- _ABOUT THIS EXERCISE_:
Below this line are records; write out exactly the lines from the one containing "Crisanzio 80 דירה" through the one containing "2017 Dodge Journey", with the pictures left out.

- _MATERIALS PROVIDED_:
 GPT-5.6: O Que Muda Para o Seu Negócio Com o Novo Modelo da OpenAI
--
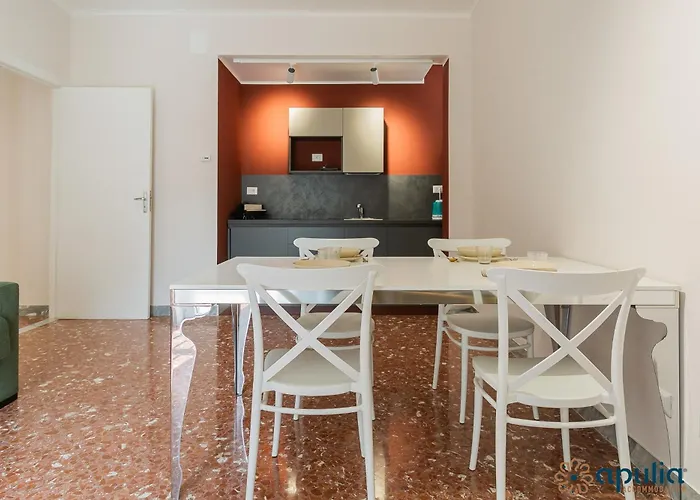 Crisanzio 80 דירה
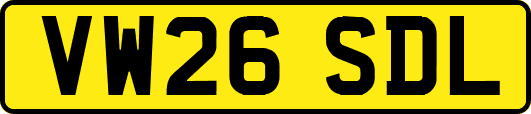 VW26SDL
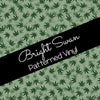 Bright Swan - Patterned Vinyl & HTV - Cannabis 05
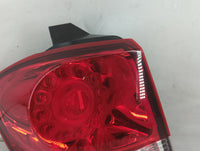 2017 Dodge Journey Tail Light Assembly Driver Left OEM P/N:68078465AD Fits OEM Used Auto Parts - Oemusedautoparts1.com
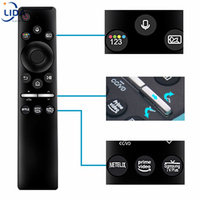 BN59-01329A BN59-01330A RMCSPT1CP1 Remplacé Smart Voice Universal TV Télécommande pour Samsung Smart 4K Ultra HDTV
...
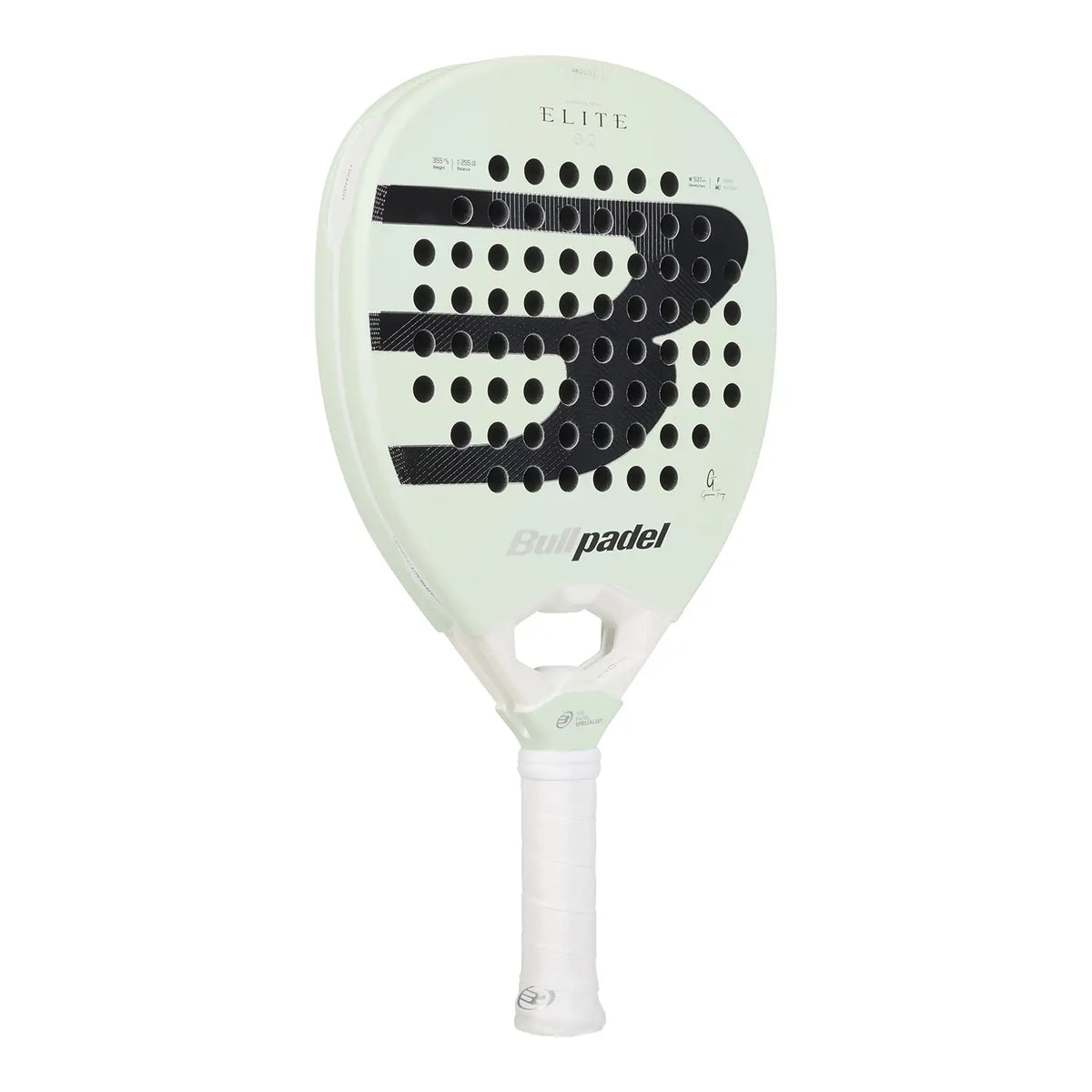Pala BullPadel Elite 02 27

- _EXPECTED ANSWER_:
 Crisanzio 80 דירה
 VW26SDL
 Bright Swan - Patterned Vinyl & HTV - Cannabis 05
 2017 Dodge Journey Tail Light Assembly Driver Left OEM P/N:68078465AD Fits OEM Used Auto Parts - Oemusedautoparts1.com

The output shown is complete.